- Task to carry out:
Exactly reproduce the lines from the one containing "This rendering represents" through the last line of the data, both ends included, leaving out pictures.

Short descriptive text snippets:
■ ■ ■ ■ ■ ■ ■

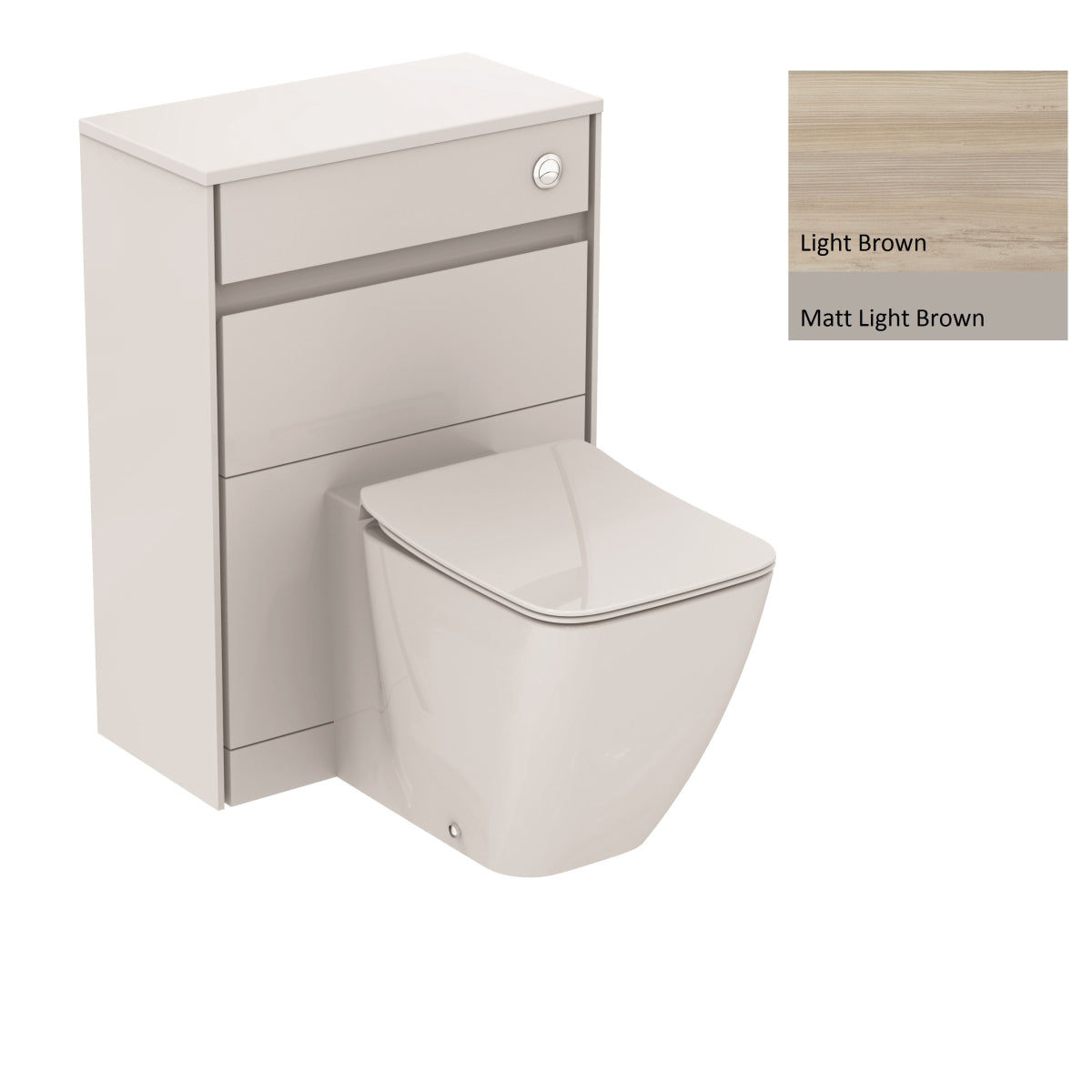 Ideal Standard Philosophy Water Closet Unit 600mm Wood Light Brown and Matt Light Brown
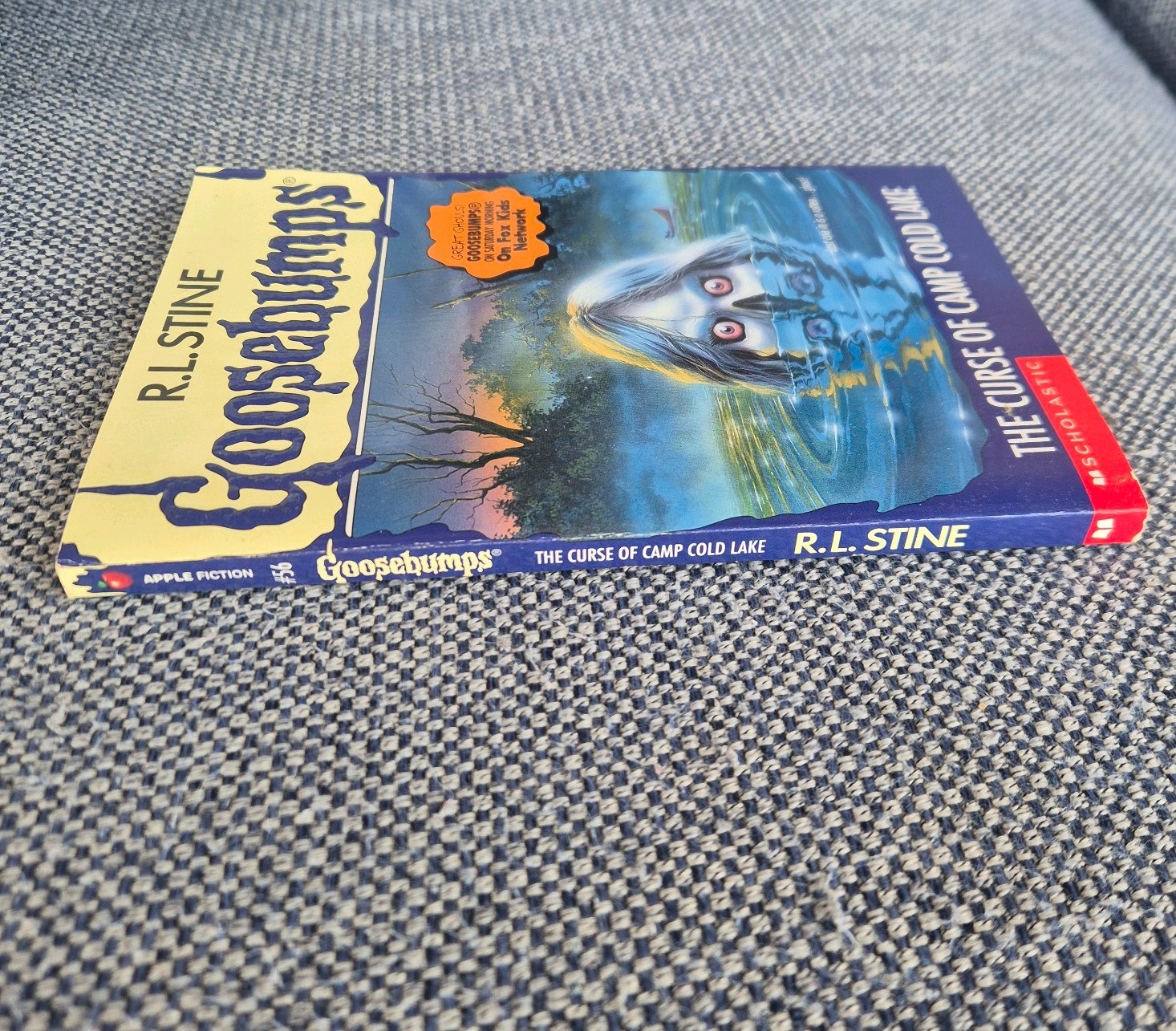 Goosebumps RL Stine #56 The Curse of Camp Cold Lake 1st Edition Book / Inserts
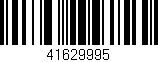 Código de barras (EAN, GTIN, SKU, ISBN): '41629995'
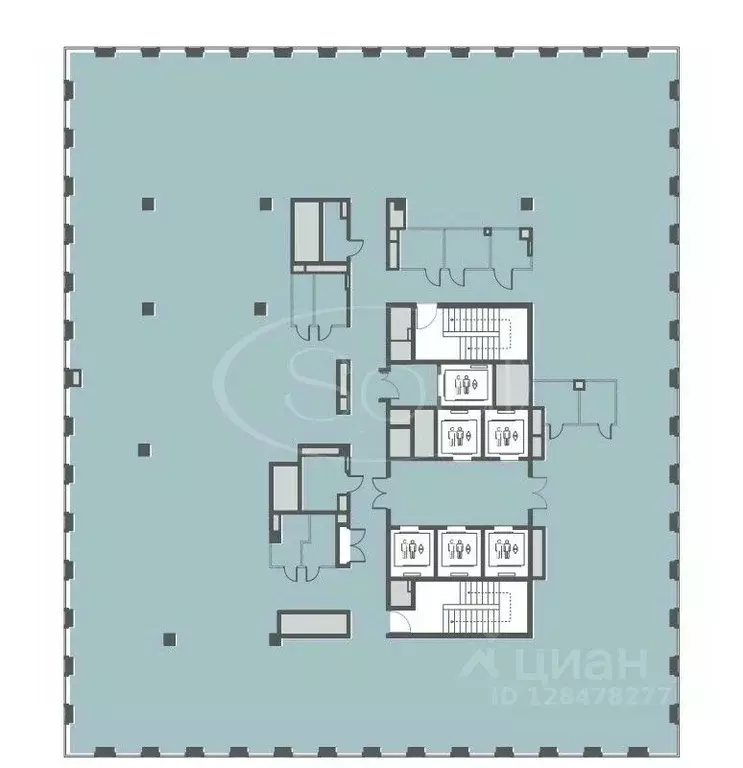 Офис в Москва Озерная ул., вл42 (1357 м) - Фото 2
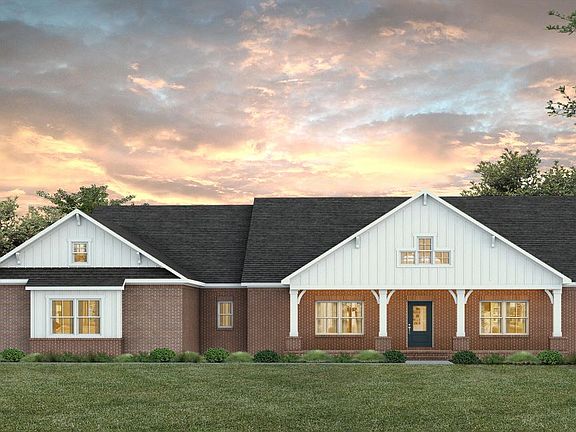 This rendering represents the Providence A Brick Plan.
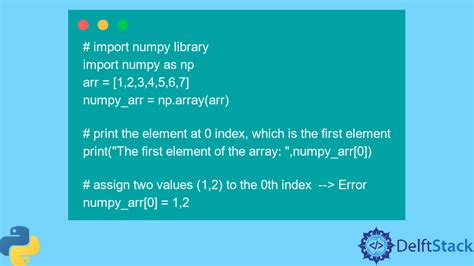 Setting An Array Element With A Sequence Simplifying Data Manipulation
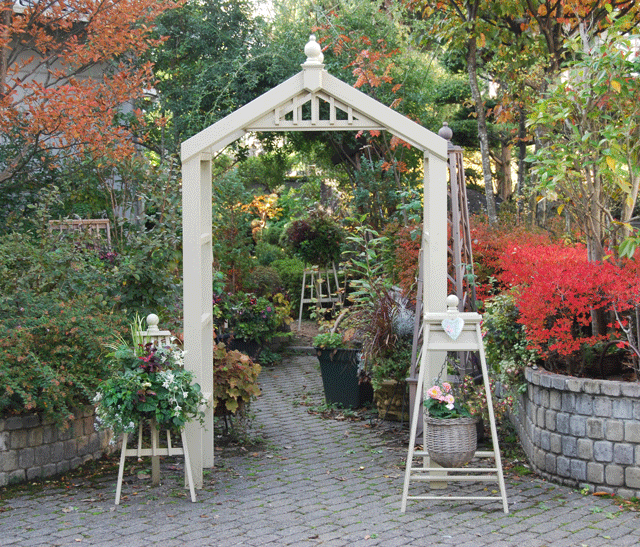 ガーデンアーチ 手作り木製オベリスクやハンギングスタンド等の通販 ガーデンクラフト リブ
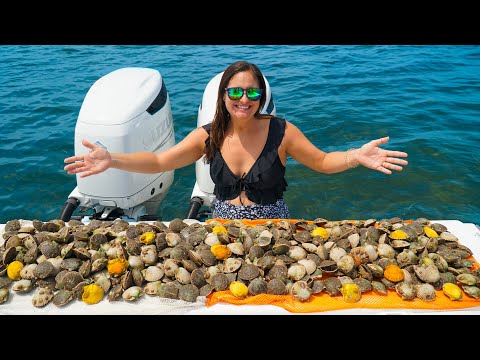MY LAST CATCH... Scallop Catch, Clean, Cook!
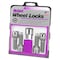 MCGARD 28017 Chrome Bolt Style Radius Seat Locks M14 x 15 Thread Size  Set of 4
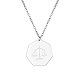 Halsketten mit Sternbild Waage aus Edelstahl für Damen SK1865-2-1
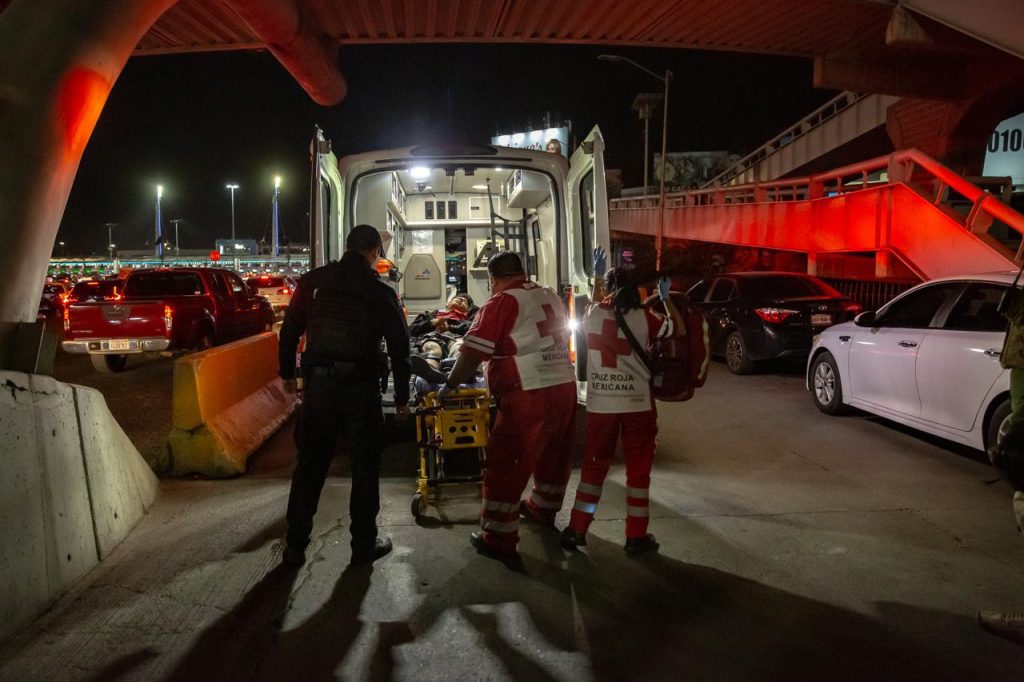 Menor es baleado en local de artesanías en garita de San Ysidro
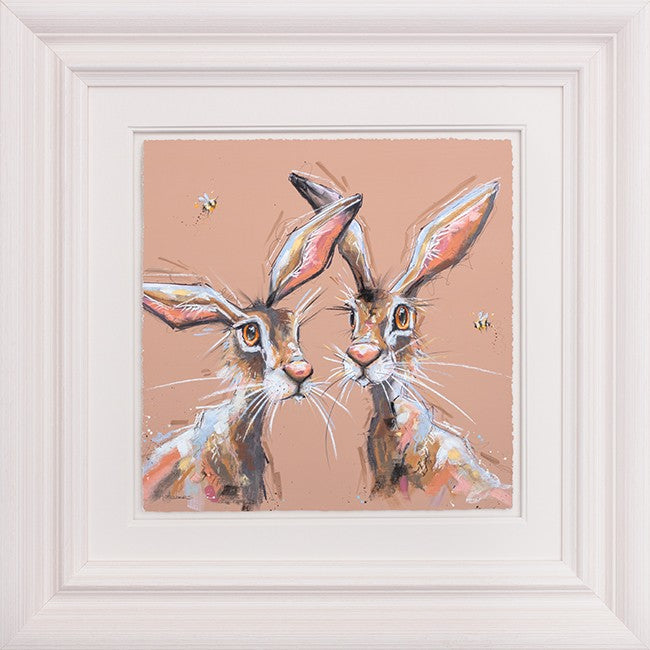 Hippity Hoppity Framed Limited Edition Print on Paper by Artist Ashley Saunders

■ ■ ■ ■ ■ ■ ■

- Result:
 This rendering represents the Providence A Brick Plan.
 Setting An Array Element With A Sequence Simplifying Data Manipulation
 ガーデンアーチ 手作り木製オベリスクやハンギングスタンド等の通販 ガーデンクラフト リブ
MY LAST CATCH... Scallop Catch, Clean, Cook!
 MCGARD 28017 Chrome Bolt Style Radius Seat Locks M14 x 15 Thread Size  Set of 4
 Halsketten mit Sternbild Waage aus Edelstahl für Damen SK1865-2-1
 Menor es baleado en local de artesanías en garita de San Ysidro
 Hippity Hoppity Framed Limited Edition Print on Paper by Artist Ashley Saunders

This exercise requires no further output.